| HN Mirror

Y	Hacker News new \| ask \| show \| jobs

by mhx77 2031 days ago

This is really cool, I'll give squashfs-tools-ng a try!

> Does the Raspbian image comparison compare XZ compression against SquashFS with Zstd?

That's correct. It's not an exhaustive matrix of comparisons.

> Also, is there any documentation on how the on-disk format for DwarFS and it's packing works which might explain the incredible size difference?

The format as of 0.2.0 is actually quite simple. It's a list of compressed data blocks, followed by a metadata block (and a schema describing the metadata block). The metadata format is implemented by and documented in in [1].

There are probably 3 things that contribute to compression level:

1) Block size. DwarFS can use arbitrary block sizes (artificially limited to powers of two), and uses a much larger block size (16M) by default. SquasFS doesn't seem to be able to go higher than 1M.

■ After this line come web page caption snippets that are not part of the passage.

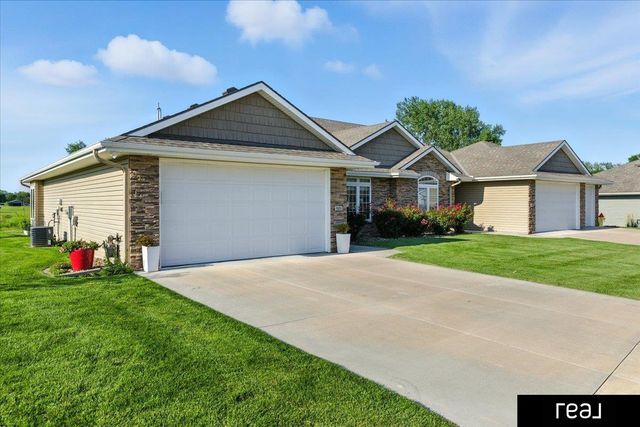 5221 Carriage Road, Council Bluffs, IA 51501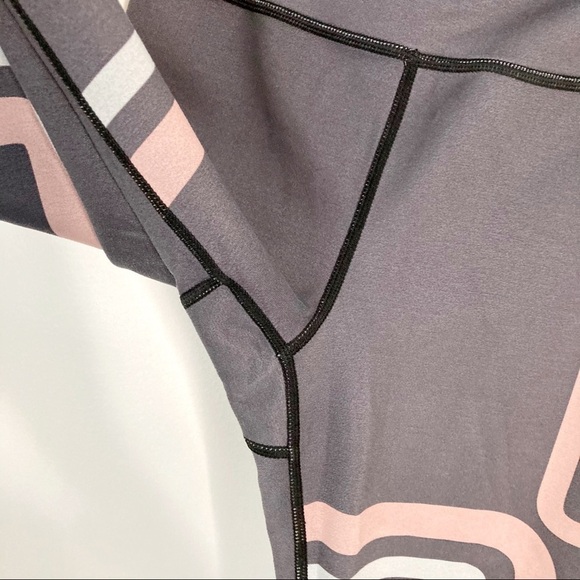 SWEATY BETTY Double Duty Reversible Crop Leggings - Picture 9 of 11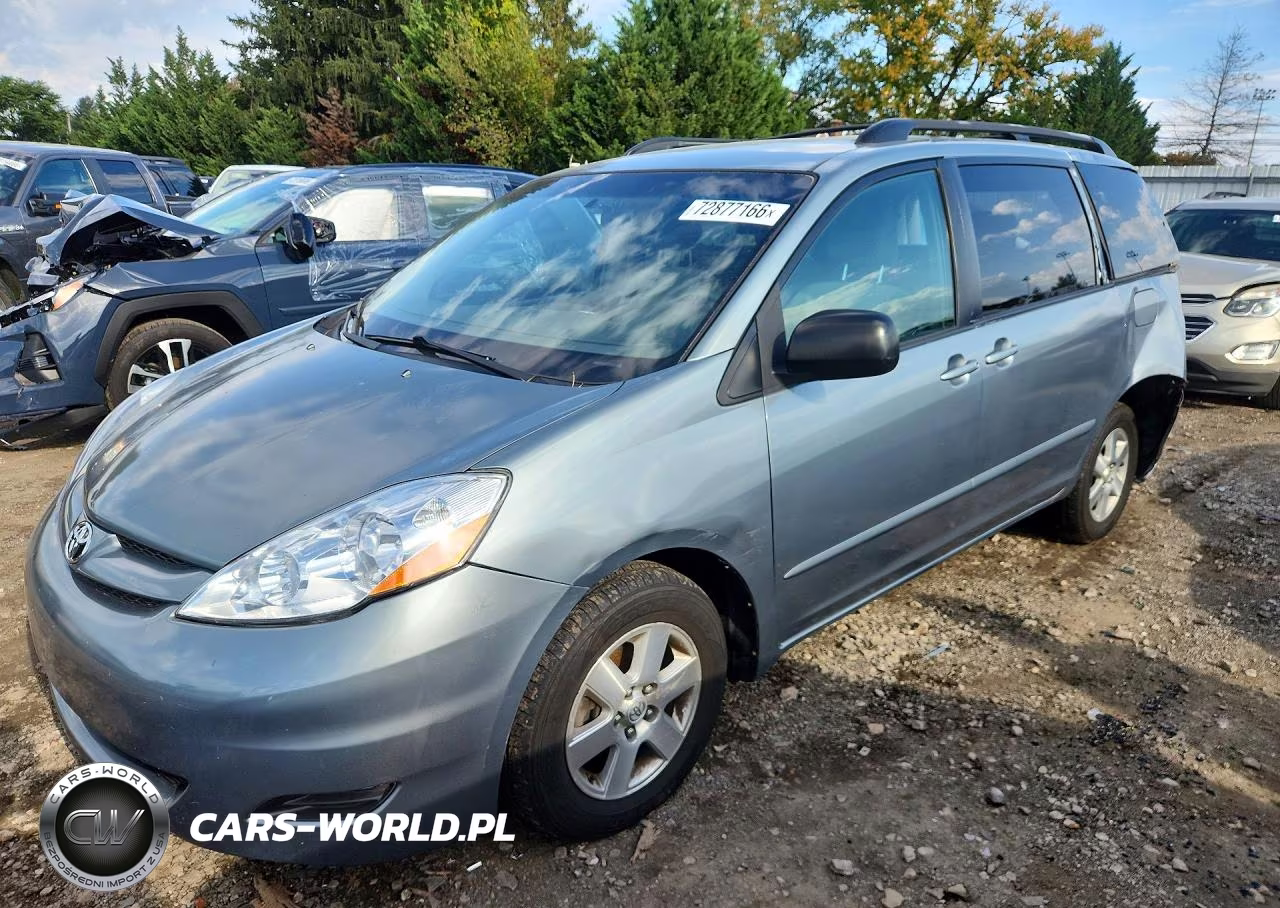 2009 Toyota Sienna Le 7-Passenger – zdjęcie 1 z 13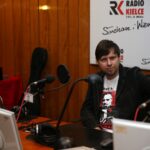 Zespól Mafia w Made In Kielce wraz ze słuchaczami, którzy zaśpiewali ich piosenkę. / Stanisław Blinstrub / Radio Kielce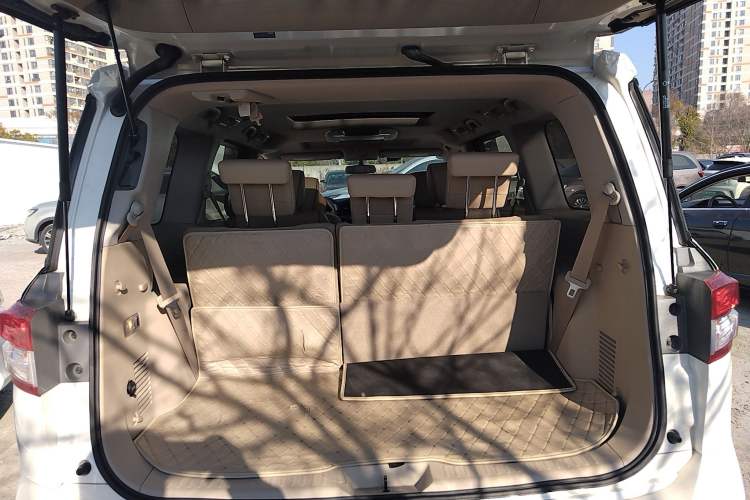 Used Nissan Quest 2015 3.5L SL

2) Ordering files by similarity.

3) Segment deduplication. If segments of files overlap with previously seen data, these segments are referenced instead of written again. The minimum size of these segments can be configured and defaults to 2k. For my primary use case, of the 47.6 GB of input data, 28.2 GB are saved by file-level deduplication, and another 12.4 GB by this segment-level deduplication. So before the "real" compression algorithms actually kick in, there are only 7 GB of data left. As these are ordered by similarity, and stored in rather big blocks, some of the 16M blocks can actually be compressed down to less then 100k.

[1] https://github.com/mhx/dwarfs/blob/main/thrift/metadata.thri...